Honestly I have been smoking on an almost daily basis for about 7 months now. I have 2 pipes that I smoke daily, a Bjarne freehand I bought on ebay and a stanwell vario I bought from smokingpipes. Neither of these pipes has seen anything but a virginia or virginia mixture since I bought them. Now I have smoked several brands from both pipes, McClelland, SG, GL Pease, A&C etc. 

As I said I have smoked Virginias , Va/Pers and lately Va/Oriental (in the stanwell). The Bjarne is now dedicated to pure Va only.

I can honestly say that I have never "cleaned the bowl". I have reamed them both lightly a couple of times and I clean the stems with Bourbon every 10 smokes or so and maybe run the tip of a pipe cleaner around the bowl after dipping it in bourbon a time or 2, but I have never filled the bowl with salt/ cotton balls etc and soaked it.
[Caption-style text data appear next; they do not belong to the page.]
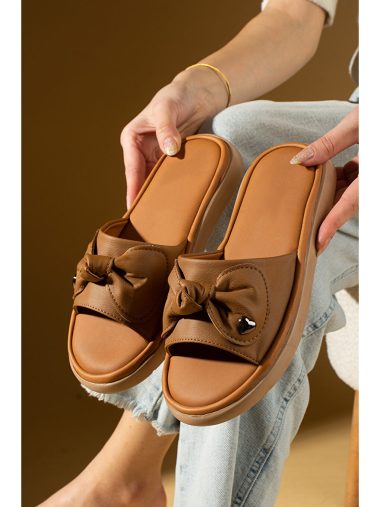 دمپایی  پمبه پوتین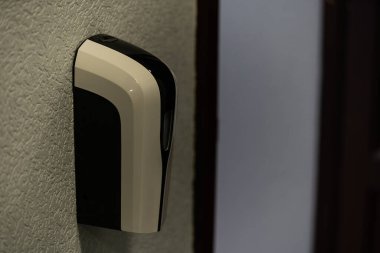 Duvarda modern hareket sensörü var.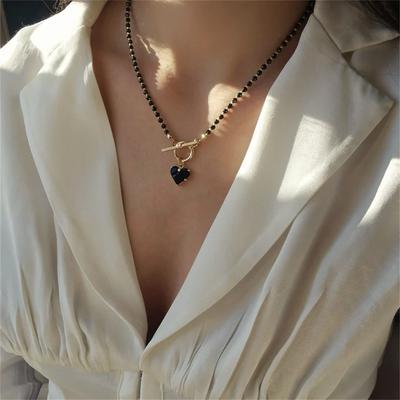 Fashionable Black Crystal Bead Necklace Crystal Zircon Heart-Shaped Pendant New 2024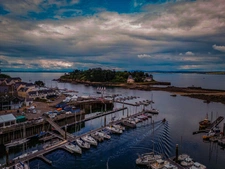 Ensemble Murs et fonds Voilerie et accastillage sur le port de Tréboul (Douarnenez - 29)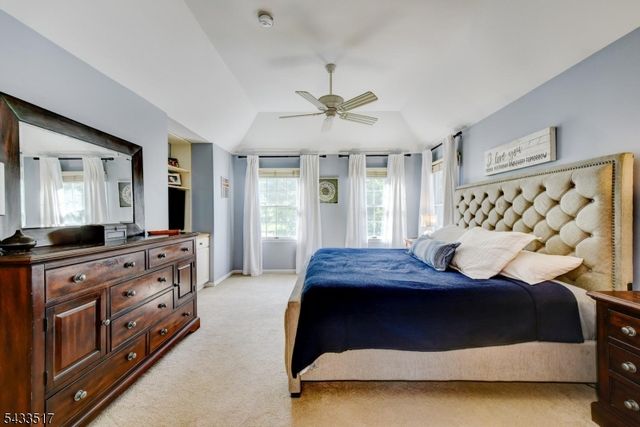 302 Kelly Dr, Branchburg Twp., NJ 08853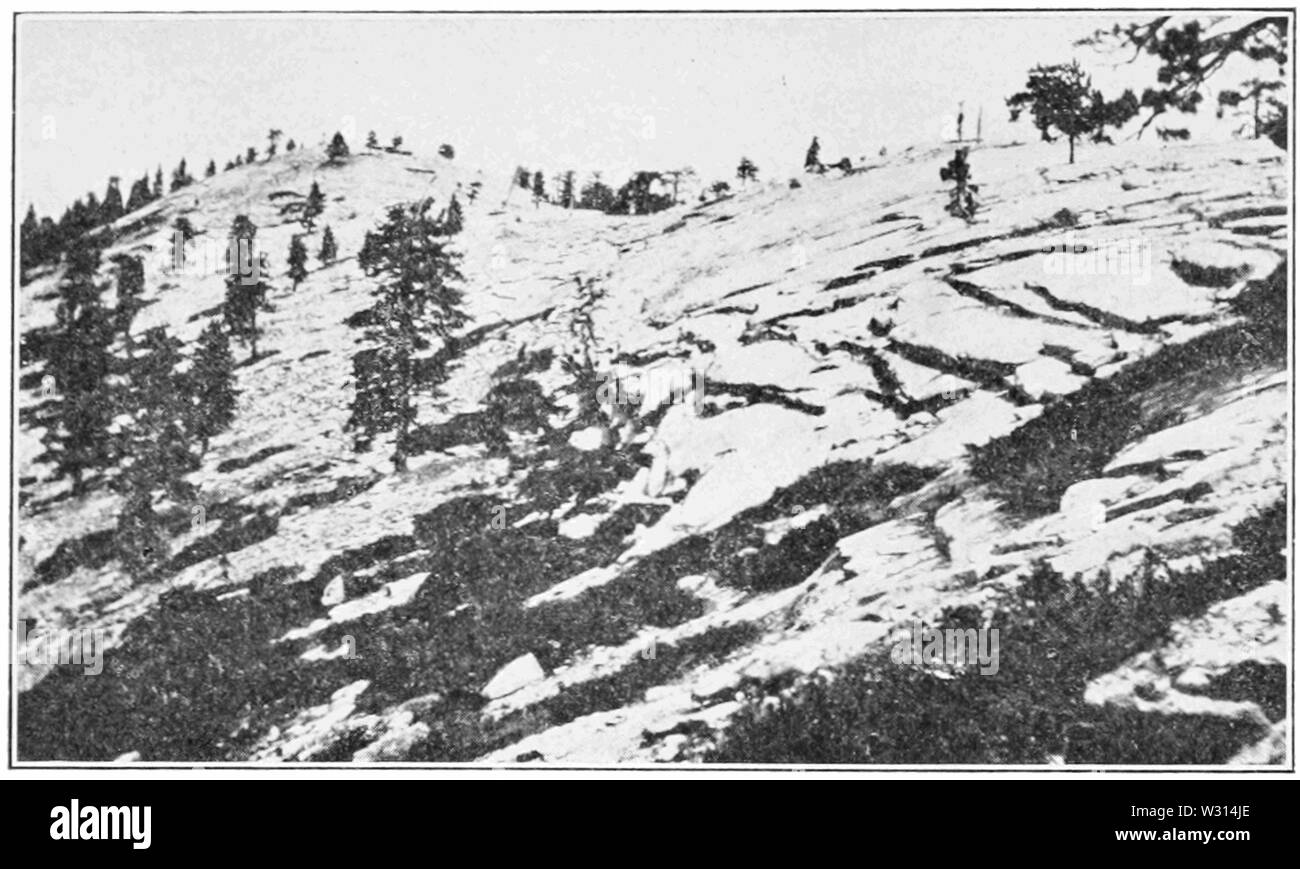 PSM V85 D083 alterando di strati concentrici di cupole in granito Foto Stock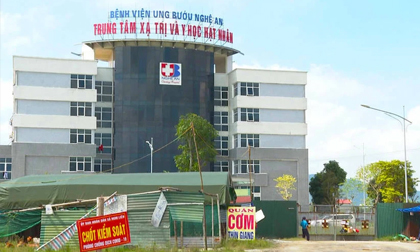 Hàng chục F0 trong Bệnh viện Ung bướu Nghệ An, hàng trăm người phải di chuyển khỏi viện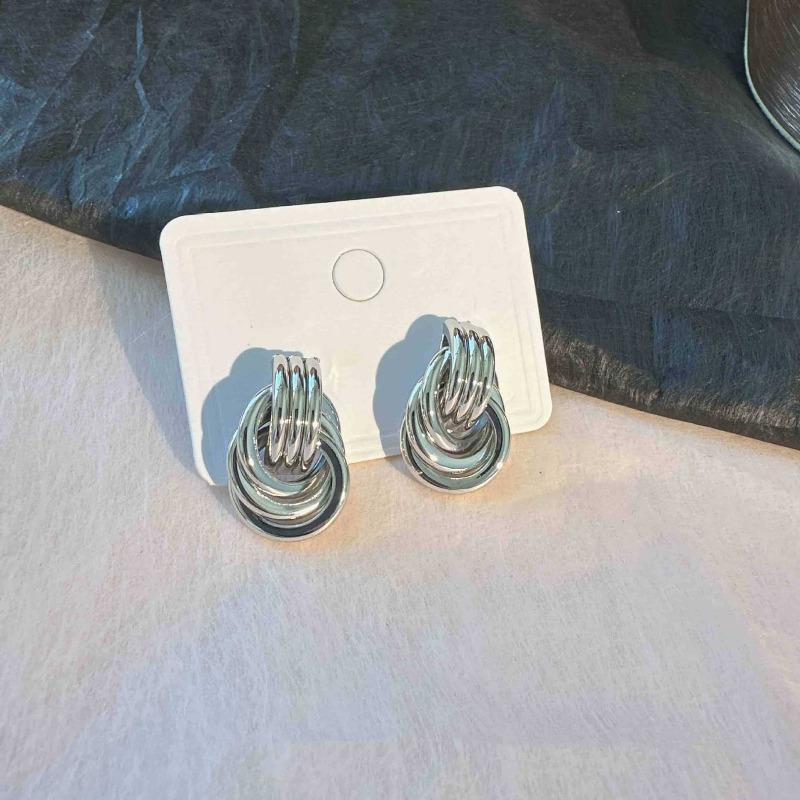 Vintage Gold Color Circle Knot Stud Earrings For Woman Fashion Metal Multilayer Geometric Earrings Jewelry Party Gifts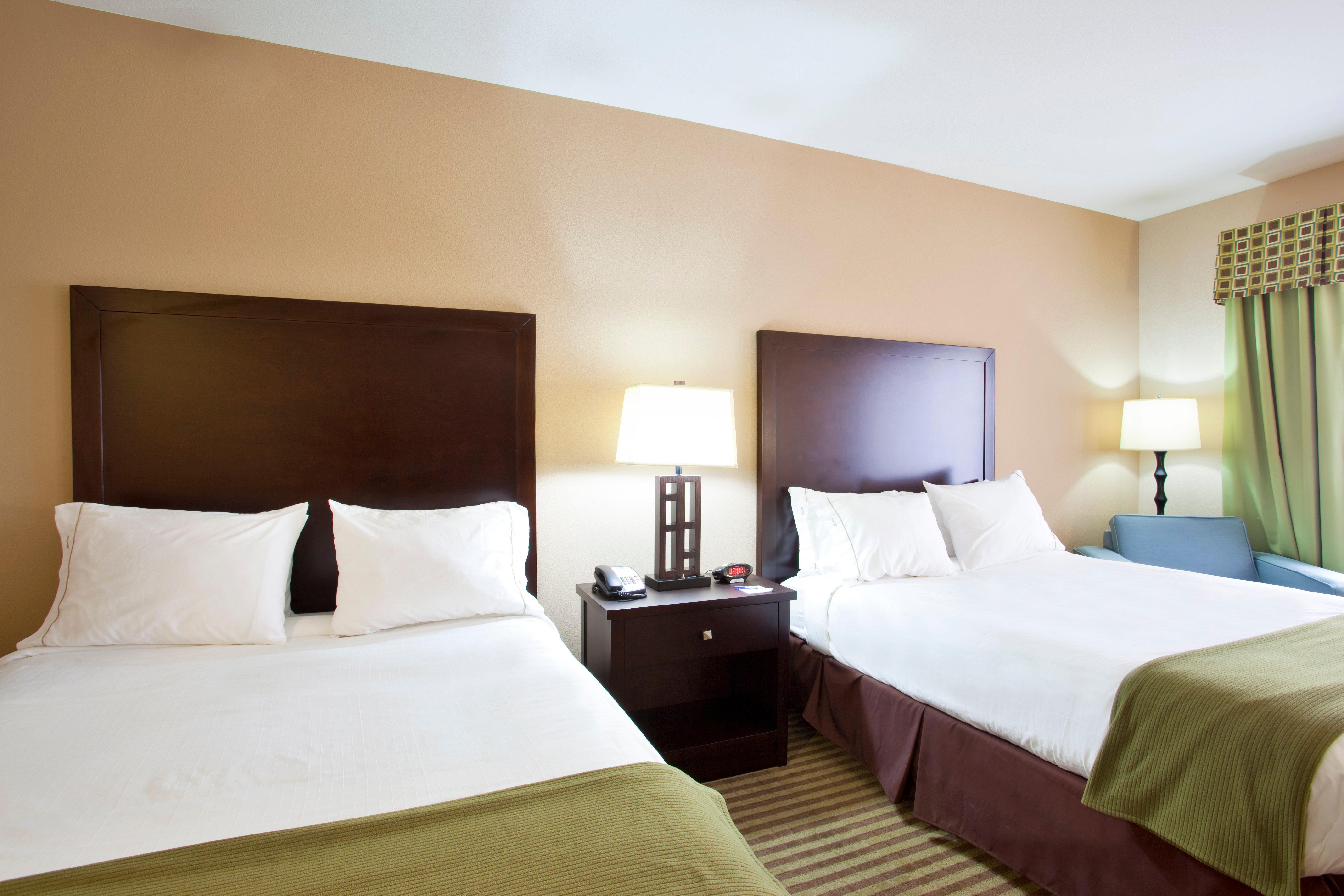 Pike Inn Le Roy - Bloomington Southeast Area Εξωτερικό φωτογραφία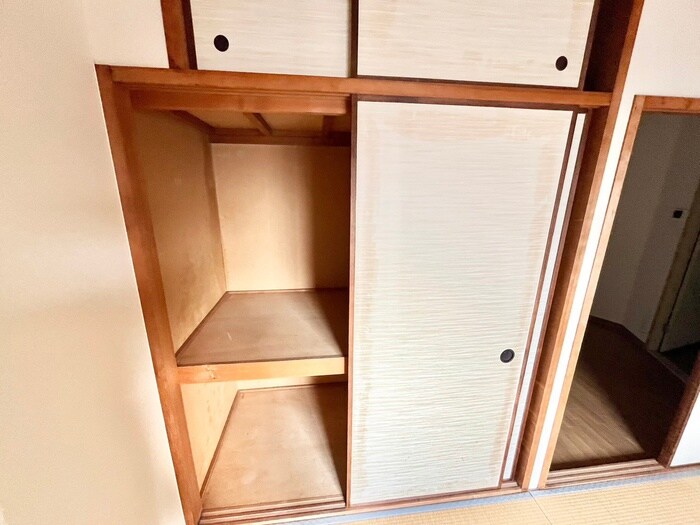 物件内観写真7　(収納)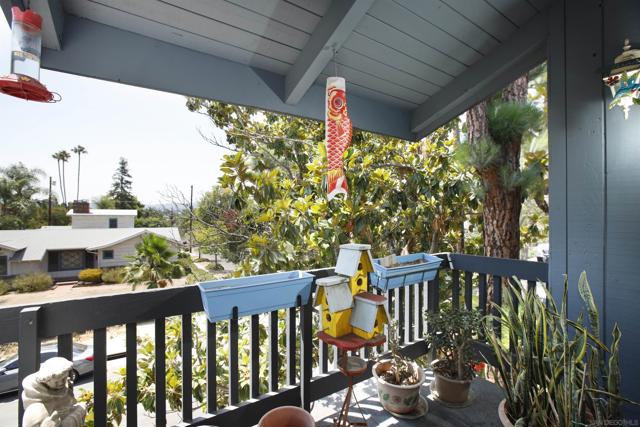 5003 Westpark Dr., North Hollywood CA: https://media.crmls.org/mediaz/41a2f375-28bf-4dbf-bd63-a3615acfcfbc.jpg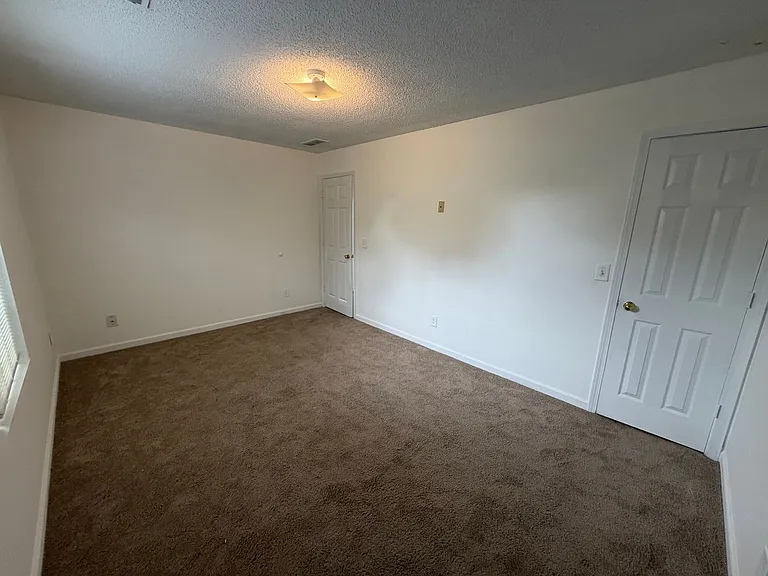 1613 Fort Perry Way — Photo 21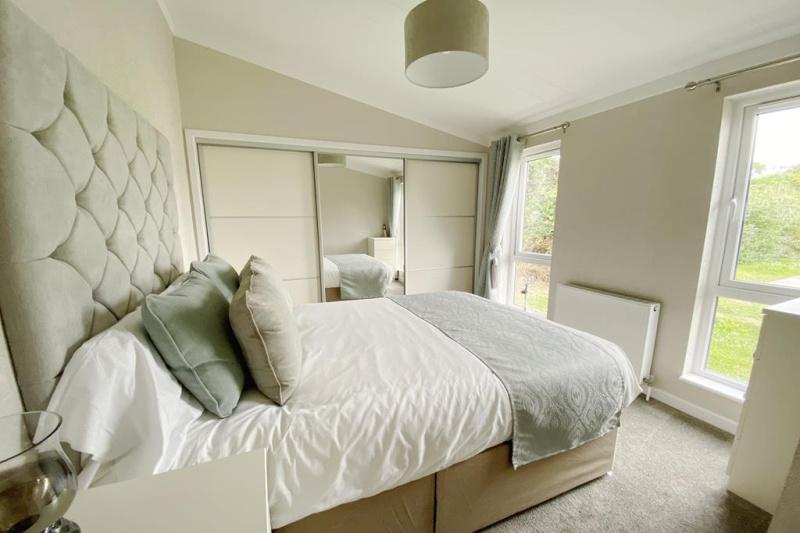 2 Bedroom Park Home 50 x 20 Omar Ikon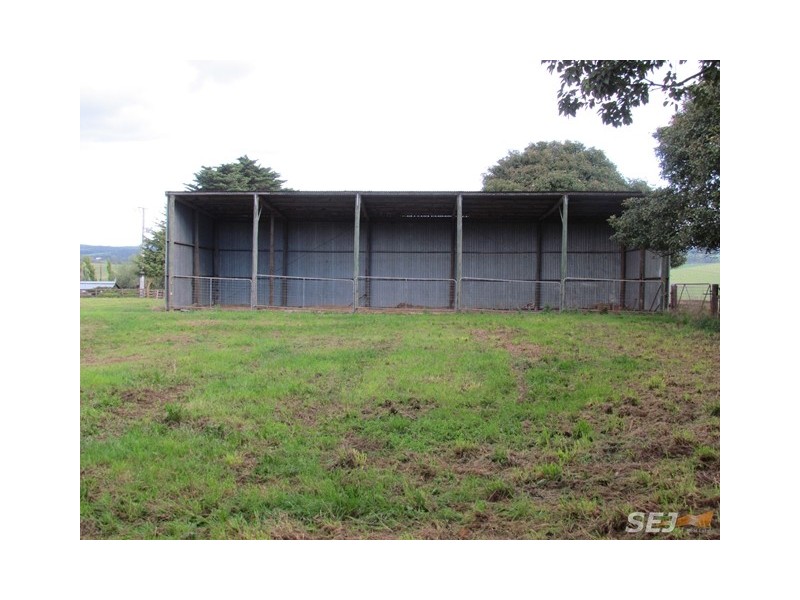21 Irwin Road, Neerim East VIC 3831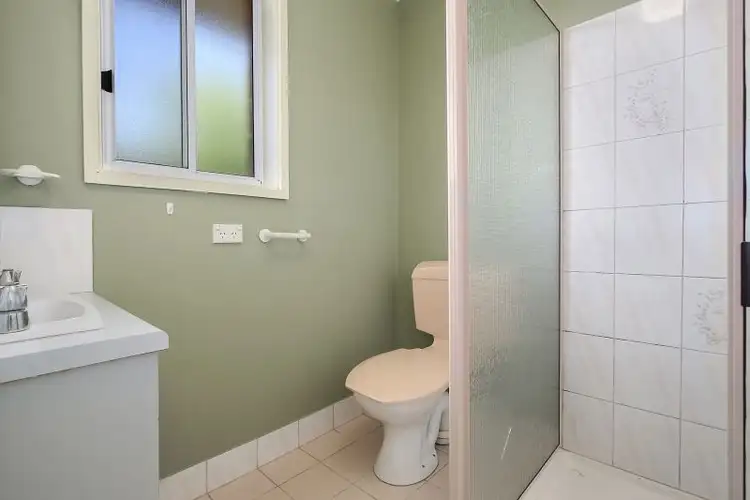 Fifth view of Homely house listing, 11 Kiewa Valley Court, Tangambalanga VIC 3691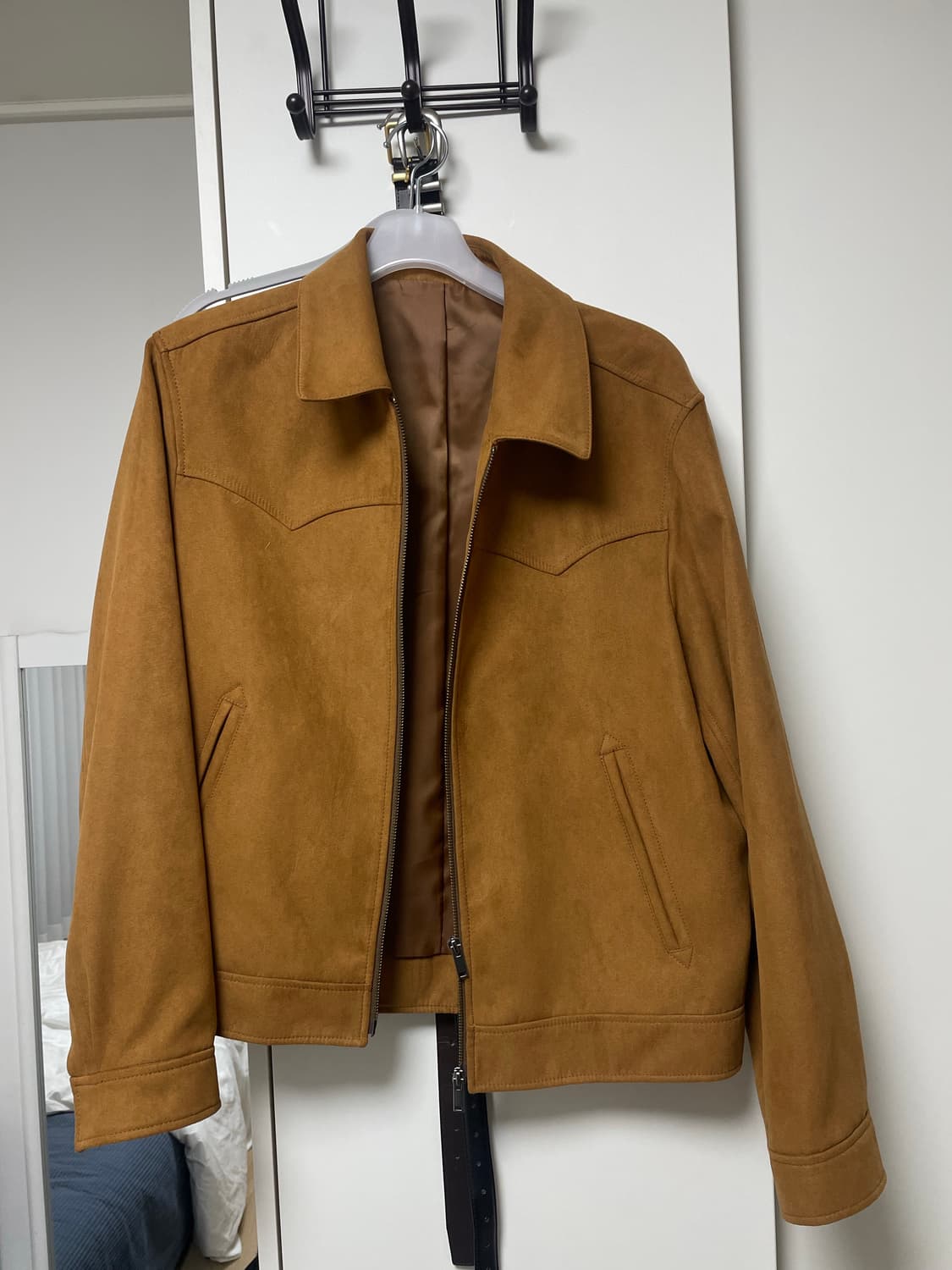 신세틱 스웨이드 미니멀 웨스턴 재킷 [데저트 브라운]  상품이미지3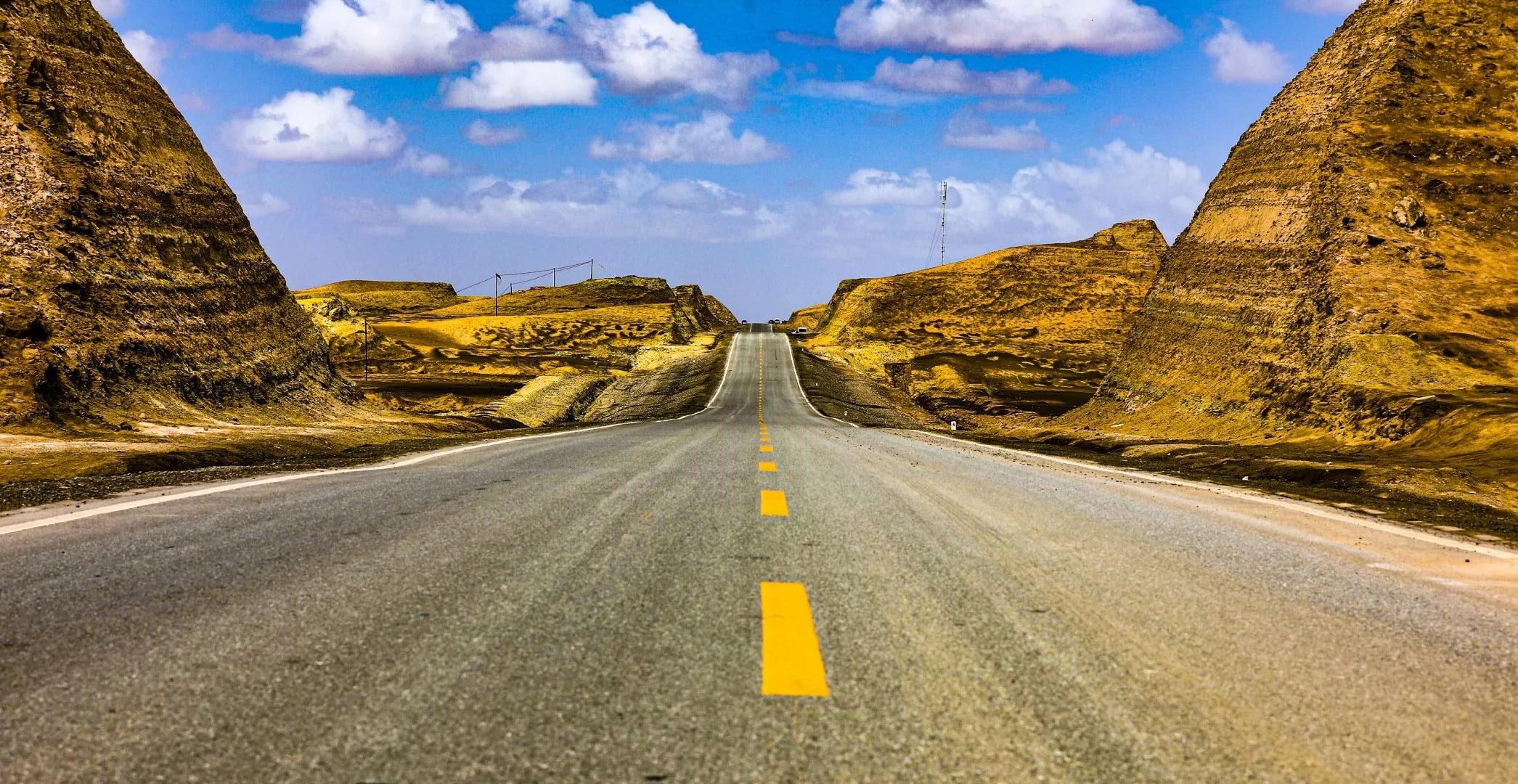 《u形公路》赫承烨摄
I do make sure to run pipe cleaners down the stem after EVERY smoke to help soak up moisture and I the leave the pipes upright on the pipe stand. most days I smoke a bowl in the morning, generally the Stanwell and then a bowl at night in the Bjarne. I also take the pipe apart before each smoke and run pipe cleaners through them thoughoughly before I smoke. I have on many occasions (my days off) smoked 2 to 3 bowls out of one of the pipes.

I can say honestly that I have never tasted the slightest hint of souring in either one.

Your results may vary, but as long as you keep the stem clean, let a good cake form, and puff slowly I think you'll be ok...

Just my :2 but I'm far from an expert! 

maboman p


----------



## dillonmcmurphy (Aug 5, 2008)

Rolando said:


> Do you really clean the bowls that often? Wow. I don't keep close track but I am probably 3-4 times that with the bowl. 7ish smokes for me it is time to clean the stem with alcohol but not the bowl.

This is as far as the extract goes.